Algo que choca Matthias no relacionamento com os Camarões Brilhantes é que entre eles, os jogadores usam vários xingamentos homofóbicos.  "Privilégio das minorias", explica Joël, mas há de se convir que é preciso perceber o quanto há de conflito e relações conturbadas dentro da sigla LGBTQIA+.  A transfobia é colocada desde o primeiro momento, mas quando os Camarões jogam com um time de lésbicas, as Lenhadoras, todos os estereótipos sobre os conflitos entre homens e mulheres explodem.  

Lésbicas que não se depilam (*para horror de Fred*), todas elas são meio caminhoneiras, musculosas e violentas, gays são homens fracotes e por aí vai.  Sobra até para Matthias que é rechaçado pela treinadora das Lenhadoras.  No fim das contas, eu acredito que o objetivo da película é fazer refletir através do riso, mas é um festival de obviedades preconceituosas e reforço dos papéis de gênero.  E, no fim das contas, os Camarões vencem, porque se perdessem, não iriam para a Croácia.  É, também, um teste de caráter para Matthias, porque a derrota poderia liberá-lo mais cedo de seu "castigo" e permitir que ele se preparasse para as seletivas para o mundial.

Uma das sequências que eu gostaria de comentar, porque é fundamental para a reta final do filme, é que os Camarões Brilhantes estão indo no seu ônibus para a Croácia e sofrem um ataque homofóbico.  Há uma briga entre eles e decidem votar a desistência.  Joël, que é a favor da democracia, é voto vencido, mas dá um jeito de assumir o volante do ônibus e trancar todo mundo na parte superior do ônibus.  Para ele, estar no Gay Games era uma vitória, a existência dos próprios jogos fruto de anos de luta dos gays, como jogar tudo fora?  Ele dá a alternativa de visitarem Dachau, o campo de concentração, afinal, estava no caminho e eles não pareciam dar valor ao sofrimento de tantos gays.  

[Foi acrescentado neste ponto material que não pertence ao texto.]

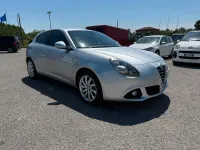 Usata Alfa Romeo Giulietta Exclusive 105 CV (77 kW) 2015 Argento Utilitaria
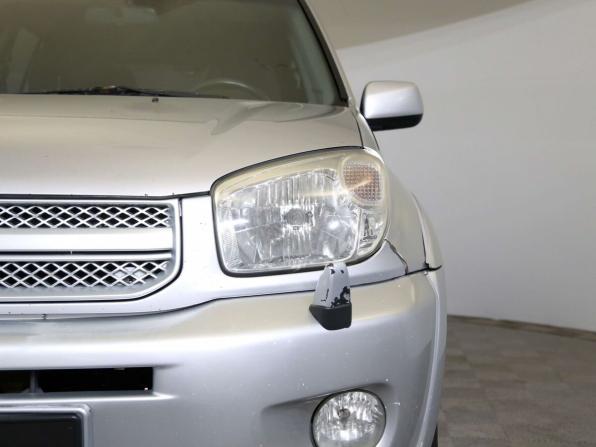 Toyota RAV4 II (XA20) Рестайлинг с пробегом 2004 года, цена 690 000 рублей, 302488 км, внедорожник, Автокод Объявления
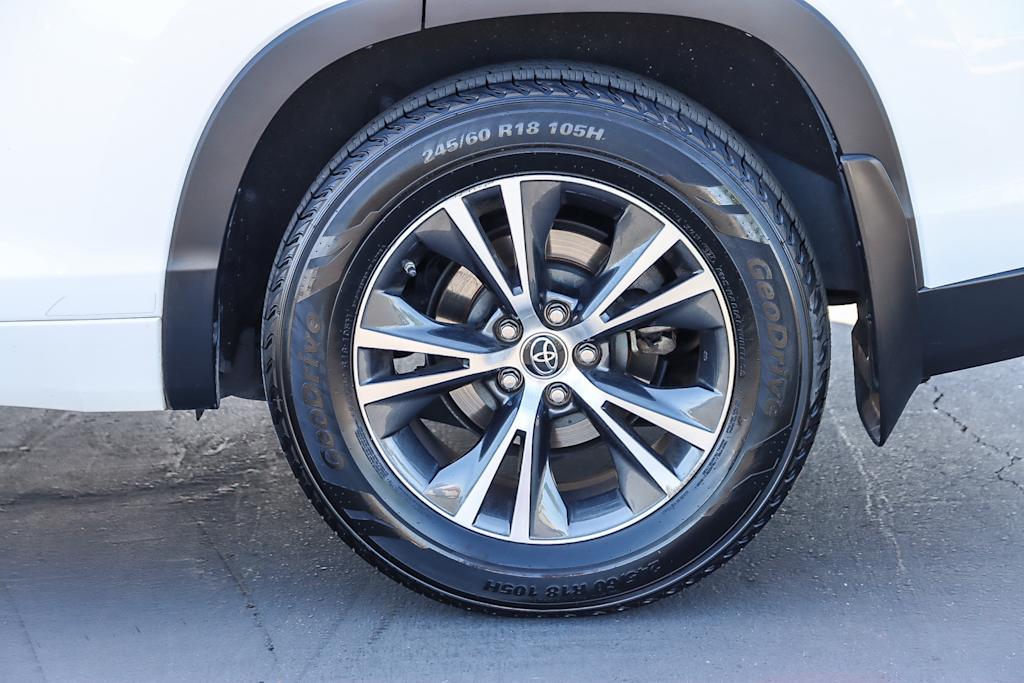 2016 Toyota Highlander XLE 21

Damien, o motorista, berra que ele não tem licença para dirigir ônibus, ele retruca que tinha, sim, tirou no exército.  E, sim, mais de um dos meus tios tirou carteiras múltiplas quando estavam no serviço militar.  Ao que parece, rola a mesma coisa na França.  Enfim, nem sempre Joël milita certo no filme, mas, desta vez, ele acertou, sim, e a cena é ótima.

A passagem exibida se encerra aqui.